Entre el VAR y el recorte presupuestario
Argentina, un país donde los sueños se entrenan fuerte, pero se profesionalizan con obstáculos. Llegar siempre es difícil; sostenerse, descomunal. Sea con botines o con guardapolvo; con pelotas o con pipetas.
La pasión no se negocia; los presupuestos sí. Las dos vocaciones dependen de políticas públicas: inversión, planificación, infraestructura.
En ambas, el Estado es decisivo desde muy abajo. Con presupuesto, el semillero florece; sin inversión, se improvisa, se fuga, se pierde.
Al fútbol lo rescata la pasión popular; a la ciencia, si el Estado no la cuida, se le empiezan a ir sus figuras por Ezeiza. No olvidar que Argentina tiene cinco premios Nobel, tres de ellos en ciencias. Sin apoyo sostenido, finalmente no hay ni Messi ni Leloir.
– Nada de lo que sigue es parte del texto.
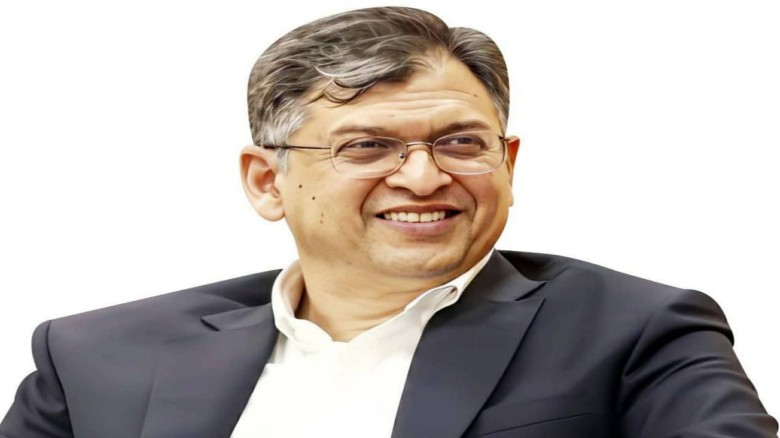 স্বরাষ্ট্রমন্ত্রী হওয়ার পর প্রথমবার কক্সবাজারে আসছেন সালাহউদ্দিন আহমদ...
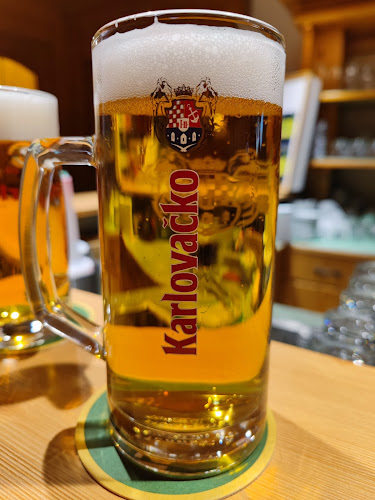 Comentarii opinii despre Joe’s Restaurant im weissen Ross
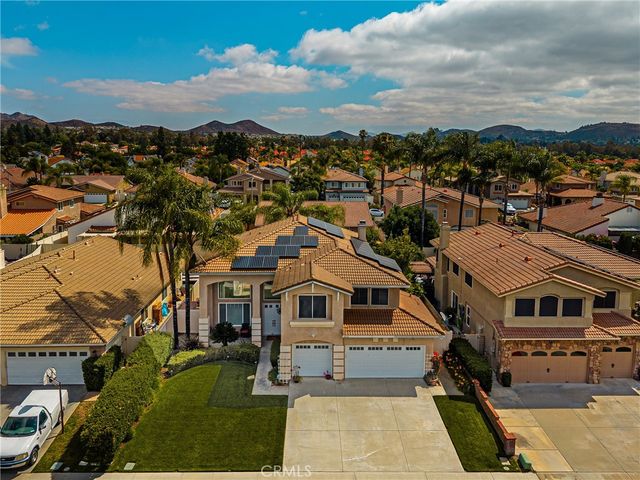 40176 Via Sonoro, Murrieta, CA 92562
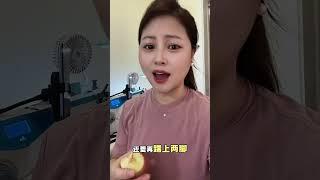 天啦，好像说的就是我#搞笑配音 #专治不开心 #内容过于真实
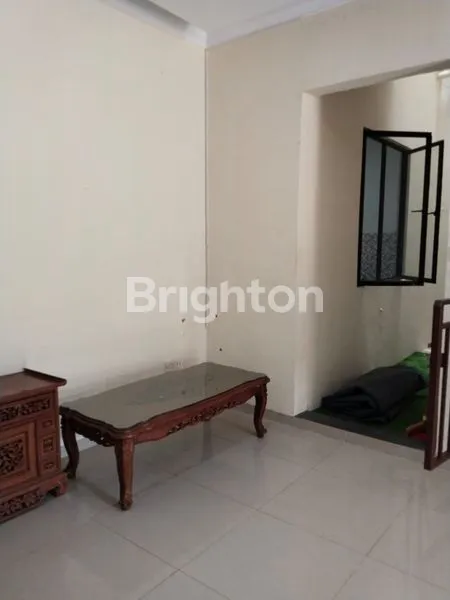 image RUMAH DIAMOND PALACE 2 LANTAI (5)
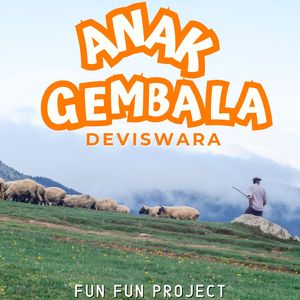 Anak Gembala
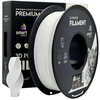 3D Plastikas – Filamentas PLA+ baltas 5kg | 1.75 mm, 5kg | SPrint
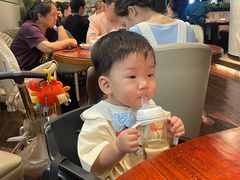 -外婆家(西溪印象城店)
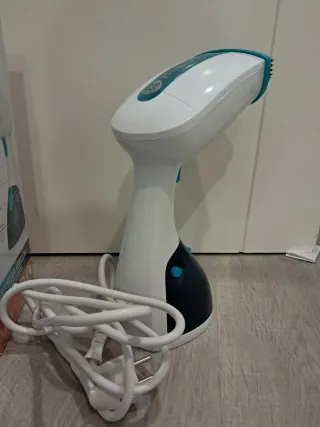 Plancha Vertical Klindo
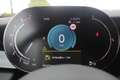 MINI Cooper Cabrio 1.5 Rockingham GT Edition Stoelverwarming l Keyles Bleu - thumbnail 19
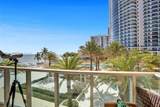 2501 Ocean Dr (Avail. April 17Th, 2025) - Photo 1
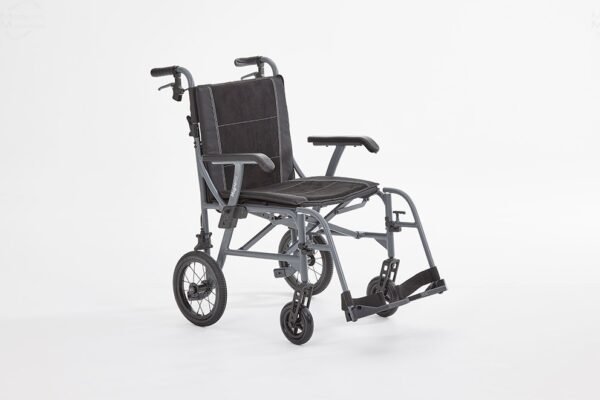 Magnelite-Transit-058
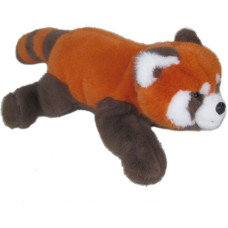 PANDA CZERWONA LEŻĄCA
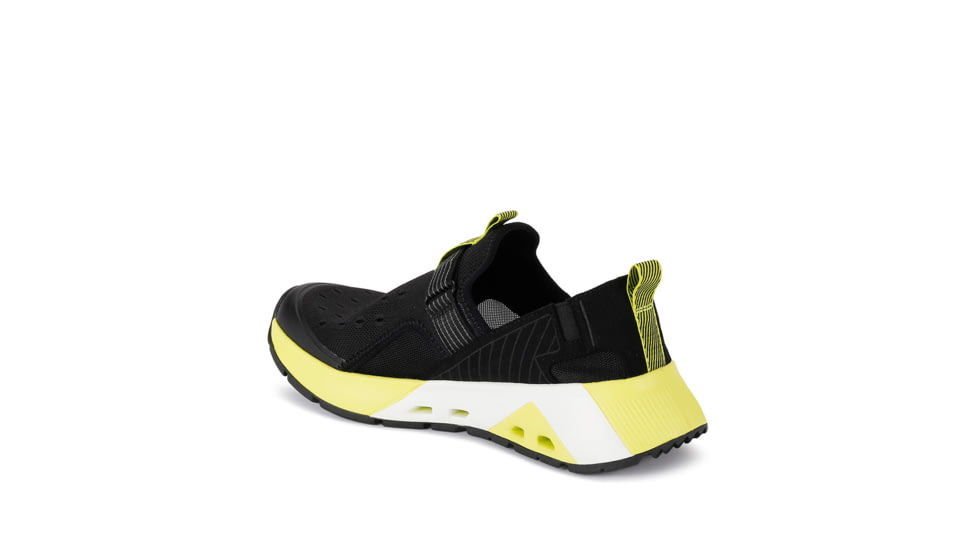 Spyder Rafter Shoe - Mens, Black, 13, 718987972202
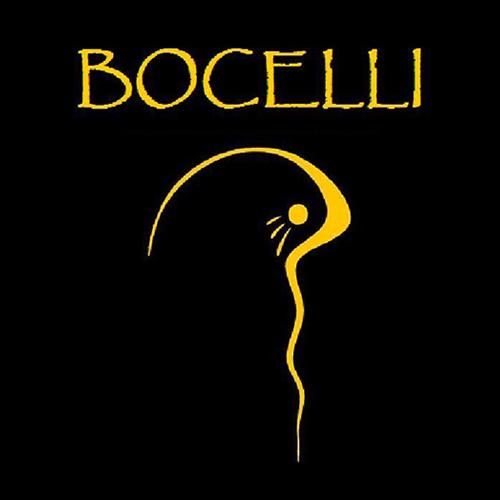 BocelliFH's profile picture. e Azienda Bocelli has been developed over a number of generations.To find out more about their History visit http://t.co/6TMnsNmFNr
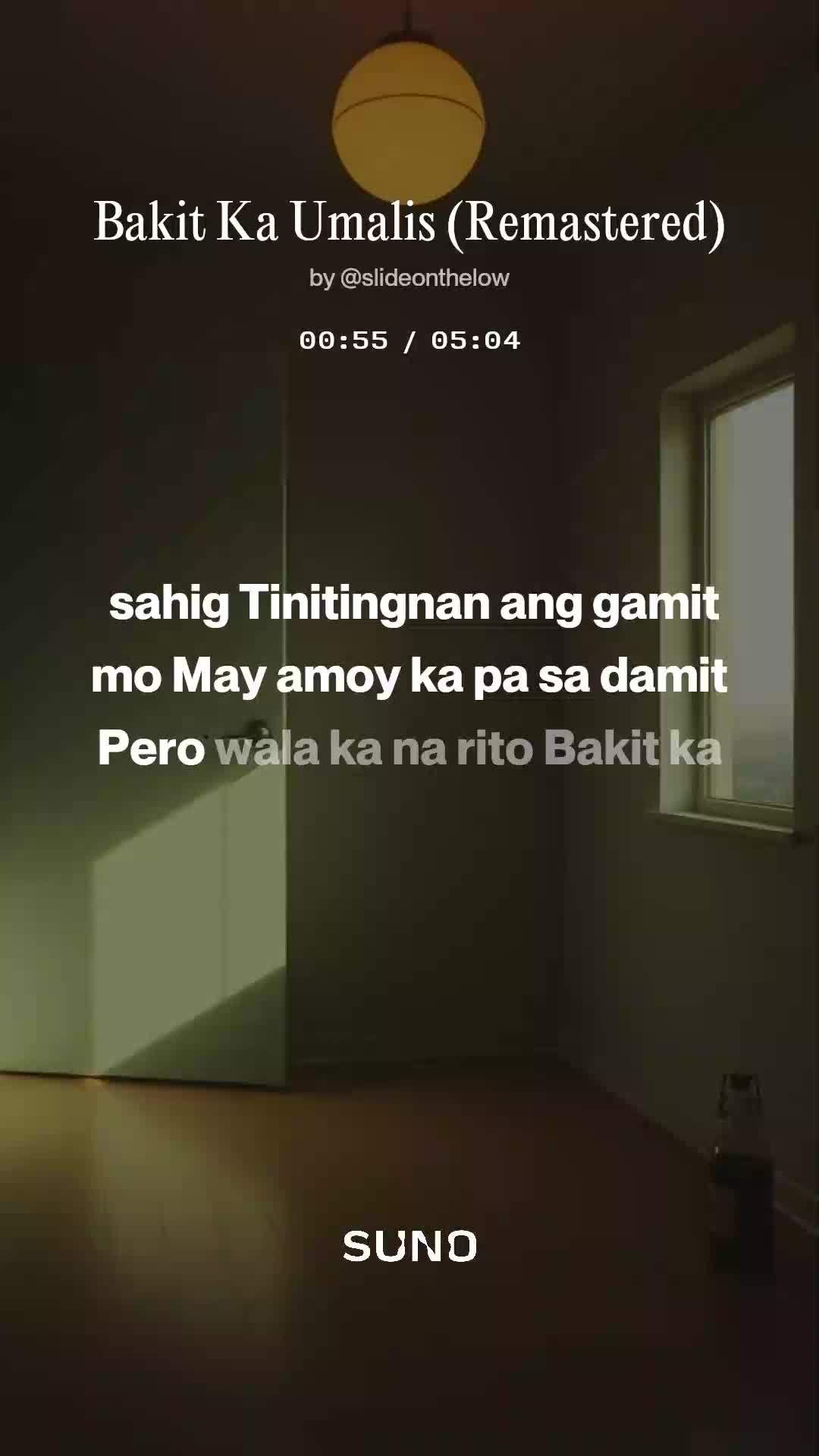 @Travel With Kuya Gelo PH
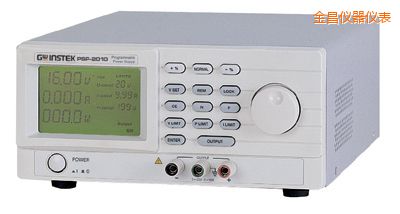 �����(sh��)��ʽ/���{(di��o)���Qʽ/ֱ���Դ������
La inversión en ciencia y tecnología como porcentaje del producto interno bruto (PIB) viene cayendo dramáticamente, y en 2025 tocó un mínimo histórico (0,16%).
En la crisis de 2002 fue 0,17%. Eso no equilibra ninguna macroeconomía, pero sí arruina un sistema que tarda décadas en montarse.
Países en vías de desarrollo que apuestan a un modelo productivo con valor agregado destinan al menos 1% de su PIB, y muchos superan el 3%. El ajuste en ciencia y técnica es barato en caja… y carísimo en futuro.
Una misma camiseta, la celeste y blanca
La ciencia argentina está en un punto de inflexión que roza el no retorno. Lo que se pierde por desinversión debería escandalizar. Durante décadas, se hizo muchísimo con muy poco.
La comunidad científica argentina es prestigiosa y productiva: publica en revistas de primera línea, colabora en proyectos internacionales, forma recursos humanos y genera conocimiento estratégico.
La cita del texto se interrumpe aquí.